Kemudian mereka dan pemimpin mereka mulai membandingkan ajaran dan cara hidup
gereja mereka dengan isi Kitab Perjanjian Baru.

"Sudah jelas, kita harus berubah," mereka memutuskan. "Kita harus mengikuti
ajaran-ajaran Tuhan Yesus, dan bukan hanya mengikuti adat-istiadat bangsa kita
saja."

Maka mulailah terjadi suatu perubahan besar dalam aliran gereja yang amat kuno
itu. Begitu menyeluruh perubahan itu sehingga mereka mengangkat suatu nama baru,
berdasarkan nama julukan yang sudah lama diberikan kepada mereka.

Pada masa kini aliran gereja yang kuno itu dengan resmi disebut: Gereja Mar
Thoma sebagai peringatan bagi Rasul Tomas yang diperkirakan sebagai orang yang
mula-mula membawa ajaran-ajaran Tuhan Yesus ke negeri India bagian barat. Gereja
itu masih tetap dibimbing oleh ajaran-ajaran yang sama, karena Alkitab dalam
bahasa mereka sendiri dibacakan setiap kali ada kebaktian umum. Lagi pula, pada
masa kini aliran gereja yang kuno itu telah menjadi giat menyampaikan Kabar Baik
kepada orang-orang lain.

Salinan-salinan Alkitab bahasa Malayalam itu terdapat bukan hanya di dalam
gedung-gedung Gereja Mar Thoma, melainkan juga di dalam rumah-rumah para
anggota. "Kami senang mempunyai Alkitab sendiri-sendiri," kata mereka.
"Bagaimana kami dapat tahu kehendak Tuhan tentang cara hidup kami, kecuali jika
kami dapat membaca ajaran-ajaran Alkitab?"

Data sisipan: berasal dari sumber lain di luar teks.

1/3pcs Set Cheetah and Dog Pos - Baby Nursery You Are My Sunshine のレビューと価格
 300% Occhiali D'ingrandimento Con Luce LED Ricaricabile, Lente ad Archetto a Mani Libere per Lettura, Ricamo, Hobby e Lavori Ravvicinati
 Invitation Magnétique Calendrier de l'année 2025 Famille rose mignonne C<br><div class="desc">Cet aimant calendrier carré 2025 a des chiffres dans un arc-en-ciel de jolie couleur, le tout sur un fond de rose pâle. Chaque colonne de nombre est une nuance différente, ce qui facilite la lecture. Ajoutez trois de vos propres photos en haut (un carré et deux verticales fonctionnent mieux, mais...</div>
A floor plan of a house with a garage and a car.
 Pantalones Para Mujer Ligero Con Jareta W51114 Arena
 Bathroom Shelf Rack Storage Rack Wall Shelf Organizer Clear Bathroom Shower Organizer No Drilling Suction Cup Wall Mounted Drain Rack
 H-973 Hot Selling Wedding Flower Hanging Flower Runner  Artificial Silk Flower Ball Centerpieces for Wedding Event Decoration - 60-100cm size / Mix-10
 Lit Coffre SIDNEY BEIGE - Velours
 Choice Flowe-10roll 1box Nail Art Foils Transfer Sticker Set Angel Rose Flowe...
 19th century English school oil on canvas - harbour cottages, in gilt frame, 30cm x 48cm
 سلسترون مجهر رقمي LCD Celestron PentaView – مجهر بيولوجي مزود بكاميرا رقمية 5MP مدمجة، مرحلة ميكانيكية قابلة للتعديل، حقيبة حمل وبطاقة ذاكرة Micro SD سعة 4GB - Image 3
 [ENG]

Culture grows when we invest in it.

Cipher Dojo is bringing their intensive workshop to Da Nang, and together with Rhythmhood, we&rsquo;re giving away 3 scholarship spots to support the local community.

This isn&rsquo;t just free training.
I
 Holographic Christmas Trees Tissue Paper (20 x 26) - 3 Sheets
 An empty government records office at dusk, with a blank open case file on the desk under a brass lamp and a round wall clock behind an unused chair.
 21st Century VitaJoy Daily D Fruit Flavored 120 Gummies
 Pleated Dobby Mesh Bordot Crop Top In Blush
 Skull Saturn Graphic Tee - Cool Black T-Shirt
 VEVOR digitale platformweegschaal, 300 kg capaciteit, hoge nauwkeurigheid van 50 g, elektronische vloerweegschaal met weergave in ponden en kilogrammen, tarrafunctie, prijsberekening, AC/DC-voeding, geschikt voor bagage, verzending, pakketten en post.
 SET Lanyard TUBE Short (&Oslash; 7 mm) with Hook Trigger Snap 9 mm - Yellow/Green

Dulu, ketika gerakan pembaharuan baru dilancarkan dalam aliran gereja yang kuno
itu, Pdt. Claudius Buchanan juga merasa tergugah oleh pengalamannya yang luar
biasa. Ia menyampaikan sebuah khotbah yang berjudul: "Bintang di Timur." Sambil
berkhotbah ia menyamakan orang-orang India yang mencari Tuhan itu, dengan para
orang Majus yang datang dahulu kala dari benua sebelah Timur ke Betlehem dengan
dipimpin oleh sebuah bintang. Dan sesungguhnya para orang Majus itu pun dipimpin
oleh penjelasan kata-kata nubuat dari Firman Tuhan.

Khotbah Pdt. Buchanan itu kemudian diterbitkan dan diedarkan ke mana-mana.
Banyak orang Kristn yang menyambut himbauan Pdt. Buchanan, termasuk Adoiram
Judson, utusan Injil perintis ke negeri tetangga kita, Myanmar (Birma).

Jadi, "Gereja yang Tidak Mempunyai Alkitab" itu telah menjadi sebuah gereja yang
hidup menurut Alkitab. Aliran gereja di negeri India bagian barat itu tidak lagi
seolah-olah tertidur atau hanya sekedar memelihara adatnya yang kuno. Gereja Mar
Thomas telah menjadi suatu berkat bagi anggota-anggotanya, juga bagi orang-orang
lain di dunia ini yang belum sempat mendengar Kabar Baik tentang Tuhan Yesus.